Upstairs in the offices of the Urban League of Lexington-Fayette County is a room packed with boxes, papers, photos, and other paraphernalia documenting decades of work by the organization. Urban League President and CEO P.G. Peeples calls it his “war room” and he says people have accused him of being a hoarder for keeping all these items for so long.
“I felt an obligation when I took over this organization to keep those materials because that’s in honor of... the people who worked back then to get this organization started,” says Peeples. “That was not an easy feat.”
Now a new book titled “The First 50 Years: 1968-2018” details the history of the Lexington chapter and its ongoing work to help Blacks and poor people in central Kentucky build better lives.
Peeples has witnessed and made much that history himself. A native of Lynch, Kentucky, he had been a school teacher when he was recruited in 1969 to work for the fledgling affiliate of the Urban League. Two years later, Peeples would be named CEO of the organization. He was the youngest leader of an Urban League chapter in the nation.
But launching the group was not easy, according to Peeples and Jacalyn Carfagno, a former Lexington Herald-Leader journalist who edited the new history. Organizers had to raise a $25,000 affiliation fee required to join the national Urban League. They were also had to get an editorial endorsement from the local newspapers.
In those days, The Lexington Leader and The Lexington Herald newspapers were led by Fred Wachs. Carfagno describes Wachs as a racist who squelched coverage of the city’s Black citizens and of the Civil Rights Movement. She says Wachs feared such stories would lead to race riots in Lexington.
It would take a one-on-one meeting with Shelby County native and National Urban League Executive Director Whitney Young, Jr. to change Wachs' mind.
“He was really a professional at dealing with people like Fred Wachs,” says Carfagno. “Somehow or other out of that [meeting], the Leader wrote an editorial endorsing the founding of an Urban League chapter here.”
“That was probably one of Whitney’s major accomplishments of his career to get Fred Wachs to do that,” says Peeples.
A Drive for Safe, Affordable Housing
From the start of his tenure, Peeples says the Lexington Urban League worked for fair housing and economic opportunity. He credits a local Jewish businessman, Stanley Rose, with helping to raise the seed capital and acquiring four houses on Chestnut Street that could be resold to Black families.

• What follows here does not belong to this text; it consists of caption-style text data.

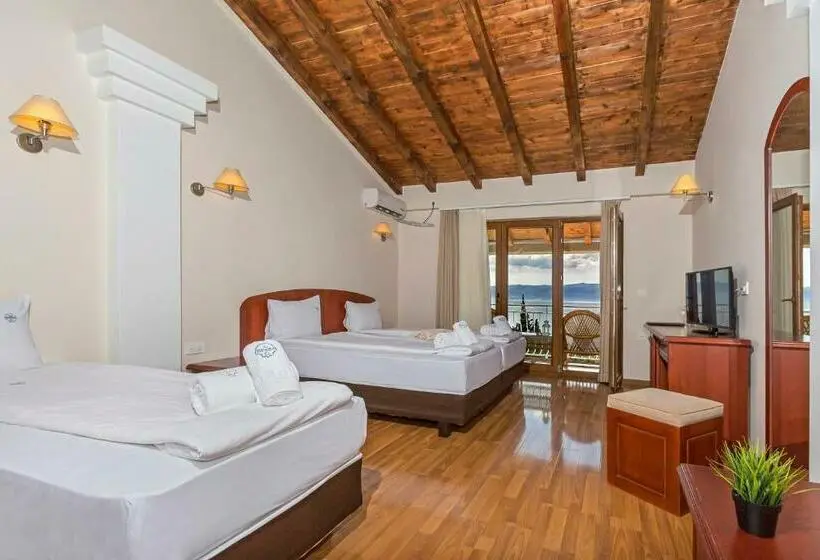 اتاق استاندارد سه نفره, Vila Bisera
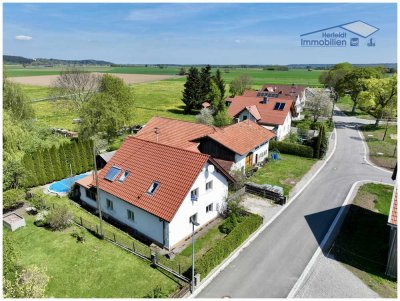 Gemütliches Einfamilienhaus mit Pool & viel Potenzial am Ortsrand zu einem bezahlbaren Preis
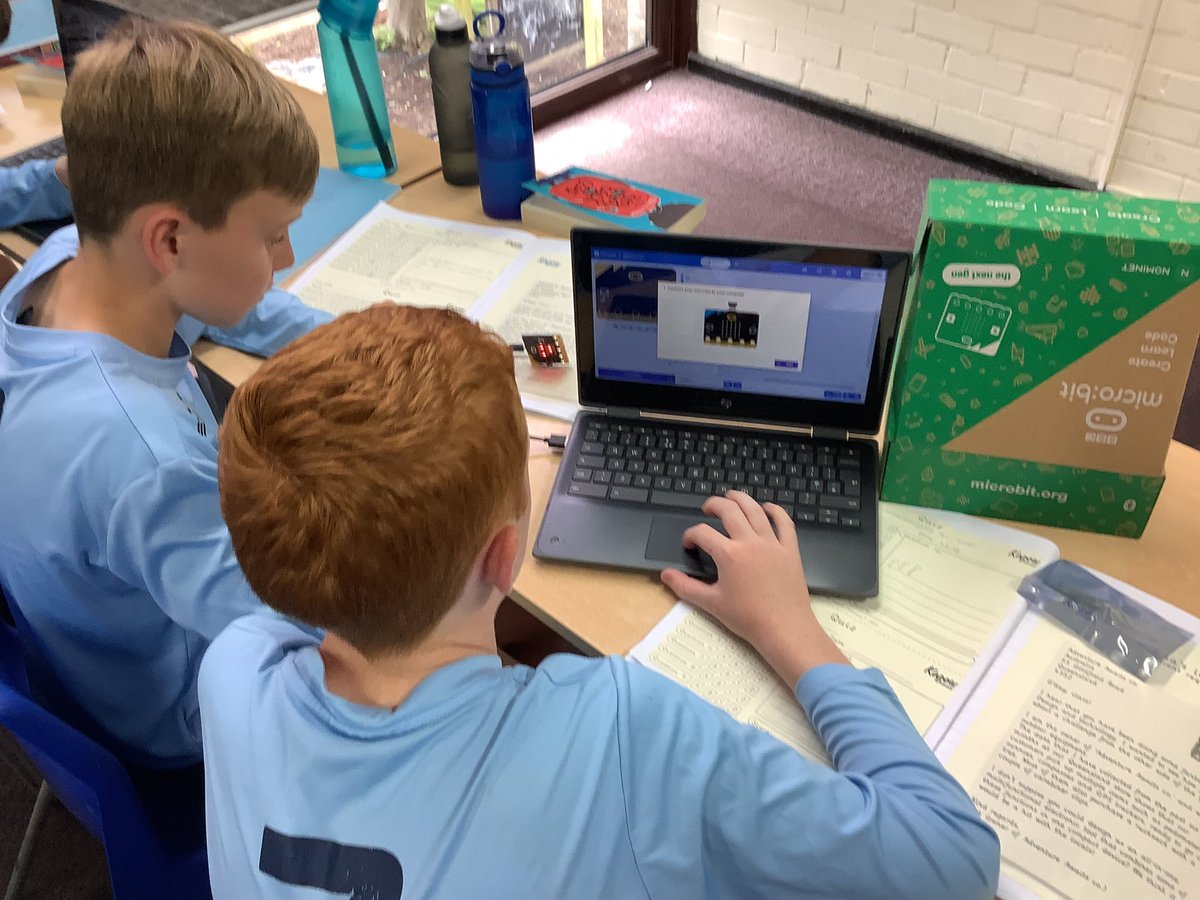 GPSYear6's tweet photo. Using microbits to create codes for our DT projects. We have built a compass and pedometer for our designs. #gpsdt #gpscomputing https://t.co/LsaKm2WZfk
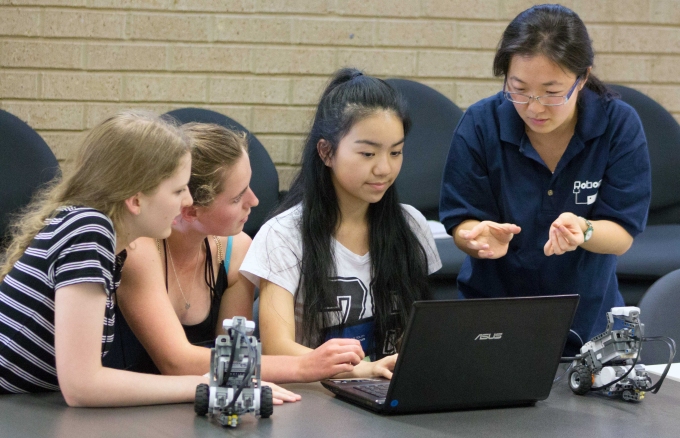 Students explore a future in Technology at the 2016 National Youth Science Forum

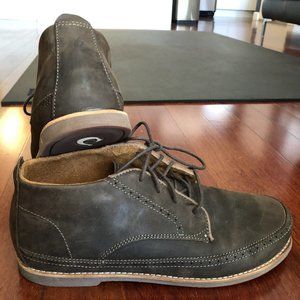 OluKai Men's Chukka Boot -Honolulu 10.5 - Like New
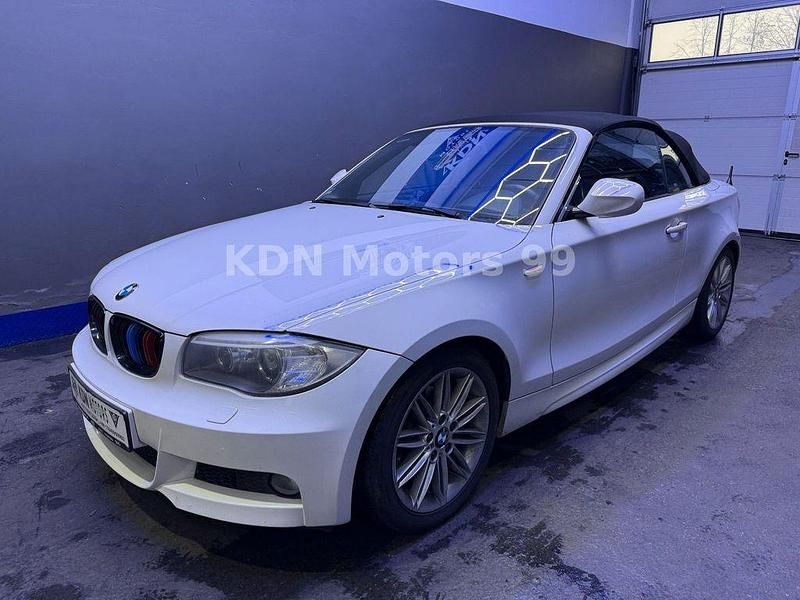 Weiß Gebraucht 2011 BMW 118 Cabriolet M Sport Cabrio | 9.900 € (Fairer Preis) - Bild 1/4
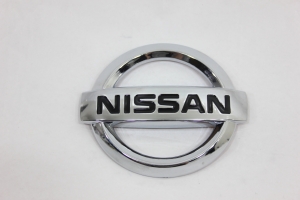 Emblema 'Nissan' Tampa Tras Kicks 17/21 Aplicavel Tampa Traseira Frontier 08/16 Plast Padrão Original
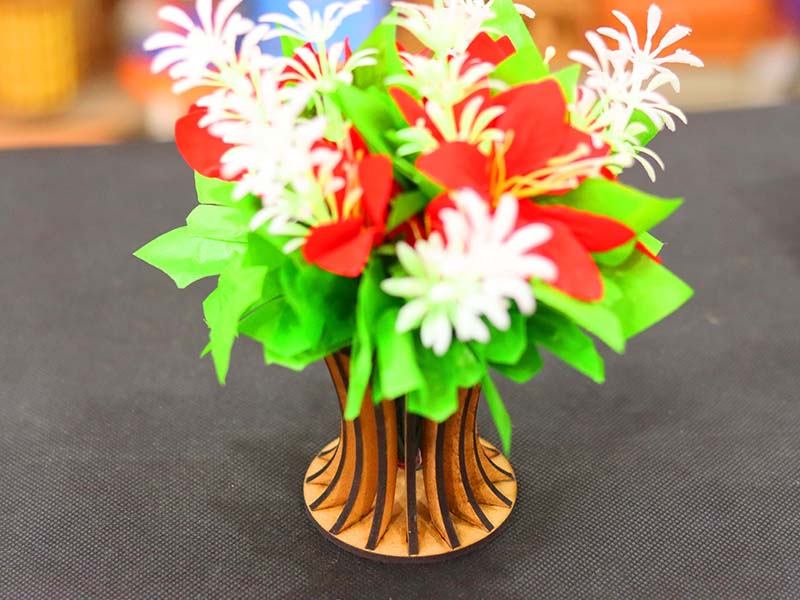 Tige Curve – Vase en bois CREAFAMAX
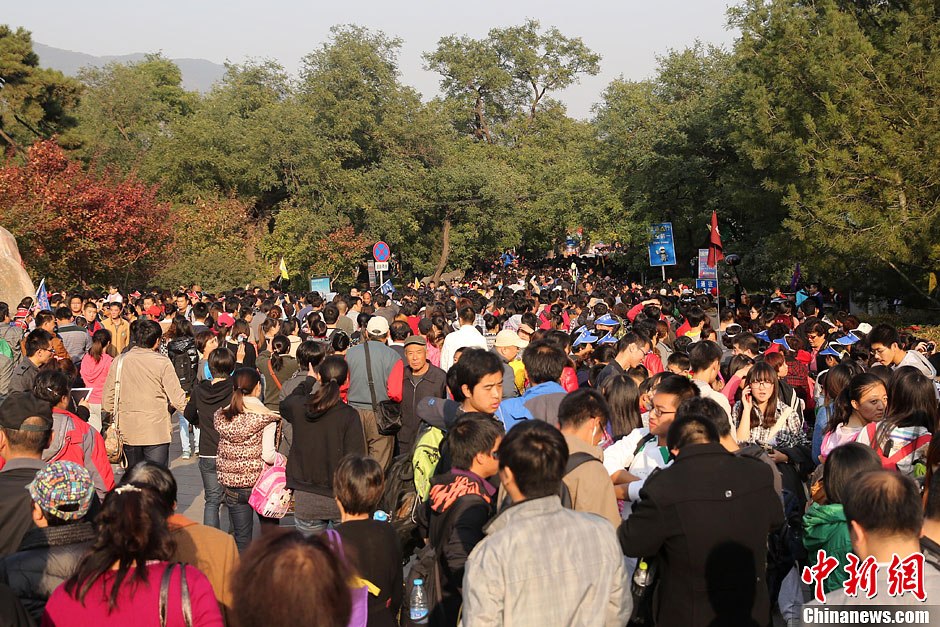 　10月26日，北京香山公園內(nèi)游客摩肩接踵。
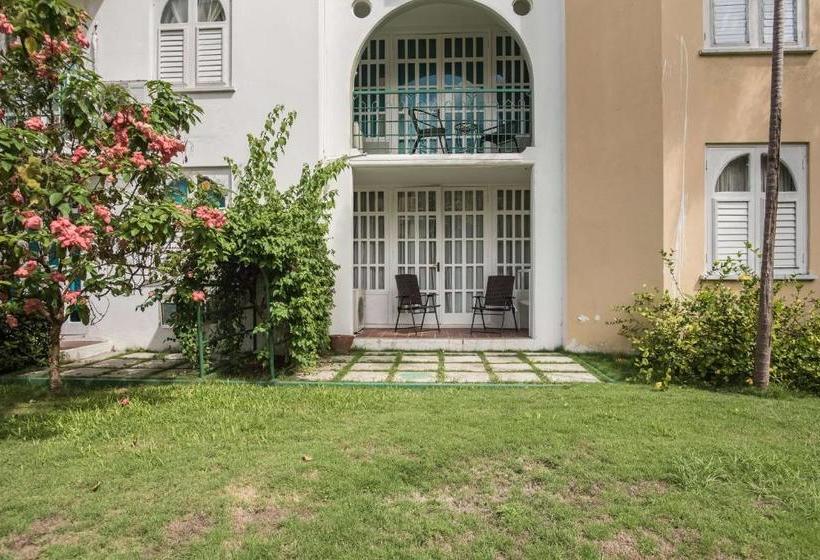 هتل Seashore @ Sandcastles Resort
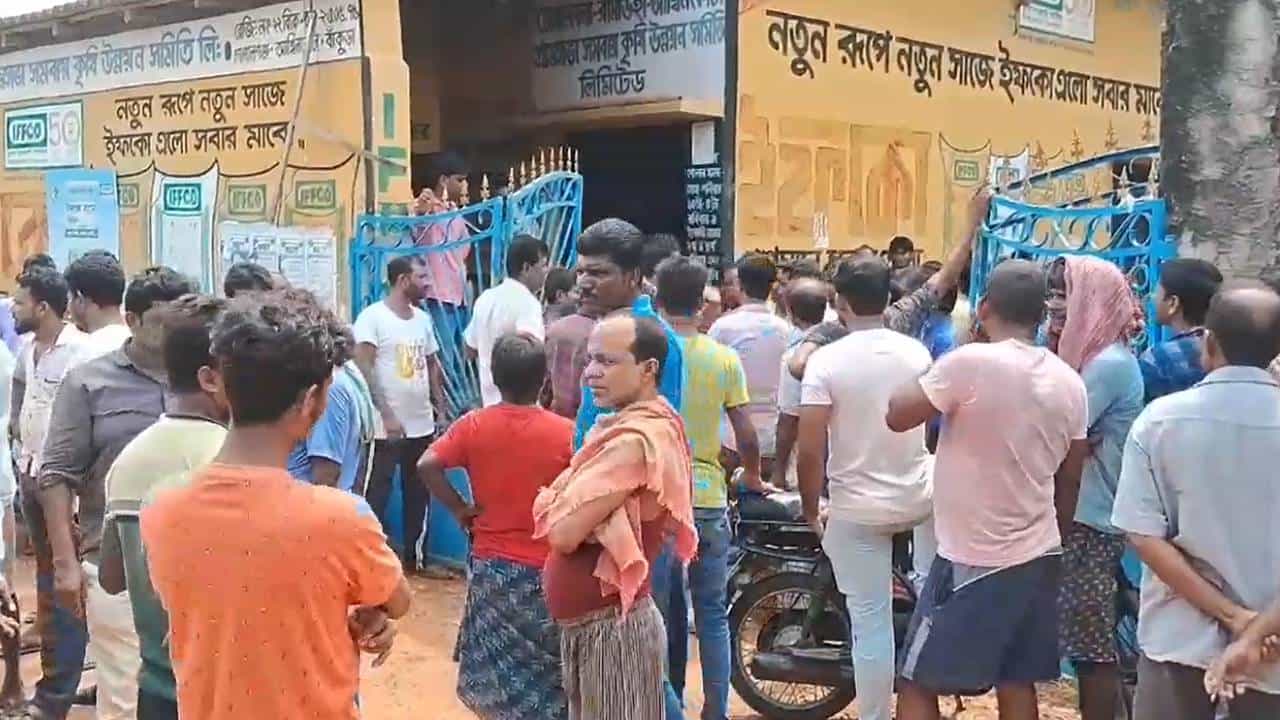 Bankura: কোটি কোটি টাকা দুর্নীতির অভিযোগ, ‘বন্দি’ সমবায় সমিতির ম্যানেজার, ছুটে এলেন বিডিও Bankura: কোটি কোটি টাকা দুর্নীতির অভিযোগ, ‘বন্দি’ সমবায় সমিতির ম্যানেজার, ছুটে এলেন বিডিও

From that initial $18,000 investment, Peeples says the League has gone on to make $28 million worth of housing available to aspiring homeowners over the past half century.
“When the Community Reinvestment Act came in [in 1977], bankers were looking for inner city projects to work with, so they started coming to us,” says Peeples. “That was a win-win for both sides.”
Peeples says Don Ball, the late Lexington homebuilder and philanthropist, also played a critical role in helping the city’s poor with housing.
“A Godsend,” Peeples says of Ball. “Anywhere you go in this community that you see urban core development, you will see the handprint of Don... Boy, do we miss him.”
By the 1980s, the League wanted to offer more than rudimentary dwellings to its clients. Carfagno says they sought to provide amenities that would create a safe and welcoming environment for working parents to raise young children.
“They were building homes, more than just a place to stay,” says Carfagno, “so that they can concentrate on the things they need for their families to succeed.”
“We said just because it would be for low-income and poor people, it should not look that way,” adds Peeples.
Now the Urban League is fighting a different housing battle: gentrification. Peeples says homeowners in minority neighborhoods in downtown Lexington face increasing pressure from escalating property taxes and opportunistic real estate developers.
“Our urban core has been targeted,” he says. “There are a lot of people coming into town with deep pockets and with money readily available to suck up the property.”
The League has partnered with the city on a Neighborhoods in Transition Task Force to identify ways to protect and empower vulnerable residents and communities at risk of gentrification.
Academic Achievement Gaps and Other Lingering Challenges
In the realm of education, the Lexington Urban League has given thousands of dollars in scholarships to students, provided group counseling and mentoring services for middle and high school youth, and created an adopt-a-school program.
But significant challenges persist, including achievement gaps among poor and minority students. Peeples says Manny Caulk, the former superintendent of the Fayette County Public Schools, made a good start on addressing the problem before his unexpected death in December.
“He left a challenge for us,” says Peeples. “The challenge is we’ve got to work hard to keep focus on that achievement gap.”
Complicating the issue, says Peeples, is the fact that the school board charged with hiring a new superintendent is all white. He says that it is up to Black leaders in the community to help guide the board through the school district’s Equity Council Committee so they can make a good hire that will benefit all students.
“Some of us who thought we were finished [and] could go sit down, we’ve got to come back off the bench,” says Peeples. “We will be right there whispering in their ear every step of the way... We will not let this wagon roll back down the hill. That’s our promise.”
The Urban League also plans to help implement recommendations made by Mayor Linda Gorton’s Commission for Racial Justice and Equality, a group created last year in the wake of protests over police brutality and racial inequities.
“Now we’ve got to breathe life into that thing and make it work,” says Peeples. “That’s not going to be an easy feat. All of us have got to circle the wagons and work hard.”
All this work will unfold in a nation that is deeply divided politically, racially, and economically. After watching a mob storm the United States Capitol on Jan. 6, Peeples says he now finds it hard to be optimistic about the future of the nation.
“I’m still worried about how much behind-the-scenes collusion went on,” he says. “If that’s as deep as some of us think, we’ve got problems. We’ve got some real serious problems.”
Carfagno, an Arkansas native whose earliest memories are of the battle to integrate Central High School in Little Rock, says working on the organization’s history made her appreciate the commitment of Peeples and his colleagues over the last 52 years. She says that work is as important now as ever, especially given the attack on Washington.
“I think maybe that more than anything woke people up and said we’ve got problems here,” says Carfagno. “Mainstream society, particularly white society, likes to think we’ve solved that, now let’s move on. But in reality, there are so many legacy problems that continue.”